Only one problem. Carlsson & Agerström, 2016: there is ‘little evidence that the IAT can meaningfully predict discrimination.’ Turns out that the inner content of your heart has no real bearing on the actual racial inequalities faced by actual non-white people in the actual world. (If you come across someone who very badly wants not to believe this, run. They don’t care about improving the world. They just want to take a scalpel to someone’s brain, maybe yours.) And there’s more. Duguid & Thomas-Hunt, 2015: ‘In a competitive task, individuals who received a high prevalence of stereotyping message [ie, messaging about the evils of racial stereotypes] treated their opponents in more stereotype-consistent ways.’ All your Important Work, your self-reflection, your enforced racial neurosis – it’s making people more racist. Whoops! Classic slapstick. Unless, of course… unless that was always the point.

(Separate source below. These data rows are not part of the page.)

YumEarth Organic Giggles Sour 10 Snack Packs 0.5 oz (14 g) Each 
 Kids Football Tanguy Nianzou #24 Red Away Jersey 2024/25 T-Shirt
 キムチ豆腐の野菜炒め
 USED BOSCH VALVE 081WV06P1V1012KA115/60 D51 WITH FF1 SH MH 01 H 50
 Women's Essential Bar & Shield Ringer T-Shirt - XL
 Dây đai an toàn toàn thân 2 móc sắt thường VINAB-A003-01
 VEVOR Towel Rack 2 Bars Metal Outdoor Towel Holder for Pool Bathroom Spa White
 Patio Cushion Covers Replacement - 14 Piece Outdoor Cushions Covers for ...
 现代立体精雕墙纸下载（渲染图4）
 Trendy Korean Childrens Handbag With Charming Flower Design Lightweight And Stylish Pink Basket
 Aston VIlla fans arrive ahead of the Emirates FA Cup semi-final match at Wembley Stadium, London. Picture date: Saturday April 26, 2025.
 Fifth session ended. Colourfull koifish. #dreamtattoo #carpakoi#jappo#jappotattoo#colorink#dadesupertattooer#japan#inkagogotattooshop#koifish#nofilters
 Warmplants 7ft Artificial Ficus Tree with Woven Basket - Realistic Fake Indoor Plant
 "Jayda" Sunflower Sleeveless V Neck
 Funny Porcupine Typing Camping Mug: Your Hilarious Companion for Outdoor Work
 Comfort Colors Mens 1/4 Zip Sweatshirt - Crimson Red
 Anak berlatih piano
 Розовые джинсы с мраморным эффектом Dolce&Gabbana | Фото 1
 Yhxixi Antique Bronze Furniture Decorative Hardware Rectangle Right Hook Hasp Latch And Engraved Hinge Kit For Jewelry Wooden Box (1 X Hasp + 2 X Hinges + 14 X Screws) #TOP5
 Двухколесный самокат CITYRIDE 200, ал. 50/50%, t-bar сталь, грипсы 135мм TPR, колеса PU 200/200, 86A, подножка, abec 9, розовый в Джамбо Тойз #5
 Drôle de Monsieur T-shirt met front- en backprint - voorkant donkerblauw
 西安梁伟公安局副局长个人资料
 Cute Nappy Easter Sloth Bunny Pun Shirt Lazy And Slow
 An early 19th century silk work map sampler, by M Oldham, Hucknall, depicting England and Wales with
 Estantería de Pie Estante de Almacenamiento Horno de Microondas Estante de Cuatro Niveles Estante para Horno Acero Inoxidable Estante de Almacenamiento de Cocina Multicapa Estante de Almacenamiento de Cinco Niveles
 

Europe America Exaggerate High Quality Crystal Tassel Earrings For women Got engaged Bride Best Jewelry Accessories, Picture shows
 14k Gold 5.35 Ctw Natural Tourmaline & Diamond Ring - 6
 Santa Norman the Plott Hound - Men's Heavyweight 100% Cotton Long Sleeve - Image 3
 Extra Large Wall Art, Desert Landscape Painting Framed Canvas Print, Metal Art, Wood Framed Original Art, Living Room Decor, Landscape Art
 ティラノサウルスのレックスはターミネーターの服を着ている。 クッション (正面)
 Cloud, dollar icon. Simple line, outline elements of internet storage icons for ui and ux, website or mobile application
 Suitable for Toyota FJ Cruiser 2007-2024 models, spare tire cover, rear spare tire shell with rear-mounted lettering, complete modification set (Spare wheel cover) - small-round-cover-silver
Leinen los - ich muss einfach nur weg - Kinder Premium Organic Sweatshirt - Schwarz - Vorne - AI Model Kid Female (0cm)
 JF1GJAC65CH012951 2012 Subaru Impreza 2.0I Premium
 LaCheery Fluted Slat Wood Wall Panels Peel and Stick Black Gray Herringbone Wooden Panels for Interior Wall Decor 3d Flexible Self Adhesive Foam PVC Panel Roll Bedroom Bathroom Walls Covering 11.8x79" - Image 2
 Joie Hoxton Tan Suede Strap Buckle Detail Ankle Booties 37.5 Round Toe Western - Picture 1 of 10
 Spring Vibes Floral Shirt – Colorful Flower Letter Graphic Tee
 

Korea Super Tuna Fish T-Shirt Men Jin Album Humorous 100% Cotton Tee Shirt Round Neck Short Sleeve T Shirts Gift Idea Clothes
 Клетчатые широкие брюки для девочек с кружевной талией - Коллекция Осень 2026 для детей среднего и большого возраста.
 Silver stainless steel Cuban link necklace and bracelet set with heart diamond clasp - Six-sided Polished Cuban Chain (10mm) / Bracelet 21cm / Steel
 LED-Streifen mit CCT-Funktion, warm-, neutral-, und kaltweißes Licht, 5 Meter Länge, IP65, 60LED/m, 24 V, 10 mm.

See, for instance, the form letters: How To Talk To Your Black Friends Right Now. Because I refuse to be told I can’t ever empathise with a black person, I try to imagine what it would be like to receive one of these. Say there’s been a synagogue shooting, or a bunch of swastikas spraypainted in Willesden Jewish Cemetery. Say someone set off a bomb inside Panzer’s in St John’s Wood – and then one of my goy friends sends me something like this:
Hey Sam – I can never understand how you feel right now, but I’m committed to doing the work both personally and in my community to make this world safer for you and for Jewish people everywhere. From the Babylonian Captivity to the Holocaust to today, my people have done reprehensible things to yours – and while my privilege will never let me share your experience, I want you to know that you’re supported right now. I see you. I hear you. I stand with the Jewish community, because you matter. Please give me your PayPal so I can buy you a bagel or some schamltz herring, or some of those little twisty pastries you people like.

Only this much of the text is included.